Just as with software, the messaging process is primary for social media – but why do so few people get that? Having started off in tech as a database administrator and systems analyst, I’m often struck by the usefulness of software development ideas to the rather separate work of market development. Many marketers skip over the importance of a co-ordinated integration of marketing functions, while such a mistake could never be made by software people. It’s an especially severe problem in the world of social media.
In today’s world, where software involves components, processes and applications which work together in fluid, agile and unforeseeable ways, the key task for developers is to agree how the system speaks to itself. Processes need the same name; they need to be fairly self contained while leveraging as much as possible of the already-existing functionality.

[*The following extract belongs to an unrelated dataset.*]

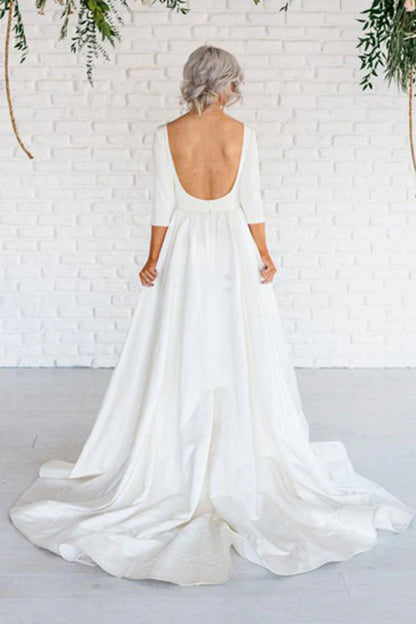 Ivory Simple Long Sleeve Open Back Satin A-Line Wedding Dress Customized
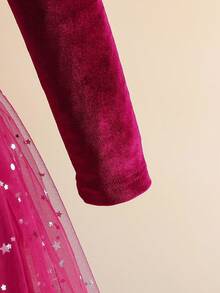 Young Girls Fashion Elegant Burgundy Star Sequin Mesh Tulle Dress, Jewel Neck, Long Sleeve, Bowknot Princess Party Dress, Spring/Autumn Burgundy Velvet Dress For Girls Girls Party Dress Long Sleeve Girls Dress Fall Winter  Princess  Halloween/Christmas Party Dresses For  Vacation  Autumn And Winter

In the marketing world, there are few tech firms whose marketing has a strong infrastructure. It can be done, as the impressive global campaigns of IBM (for a smarter planet) and Fujitsu (“Human Centric Intelligent Society”) show. These campaigns integrate and leverage those companies’ strategies, outlook and brand. They are clear and comprehensible at the corporate level. They are well enough articulated to form the framework of an approach and messaging architecture which can be easily taken up and adapted by both internal business segments and external partners.
There are many practical advantages, including the ability to develop creative assets (copy, design, multimedia, messaging etc…) which can be developed and tested quite systematically because of the economy of scale reflected in a global roll-out. But the key advantage is that it makes the marketing process faster, better focussed and more operative.
However, for such an approach to be most beneficial, all marketing disciplines need to be able to put the strategy to work: that means the ‘top down’ responsibility to communicate internally when developing and implementing the approach has to be coupled with delegate the ‘bottom-up’ authority to implement and adapt it.
While some disciplines are more centralised (advertising, is a common example but it varies from firm to firm) social media stands out as a communications channel which is often delegated without oversight or accountability.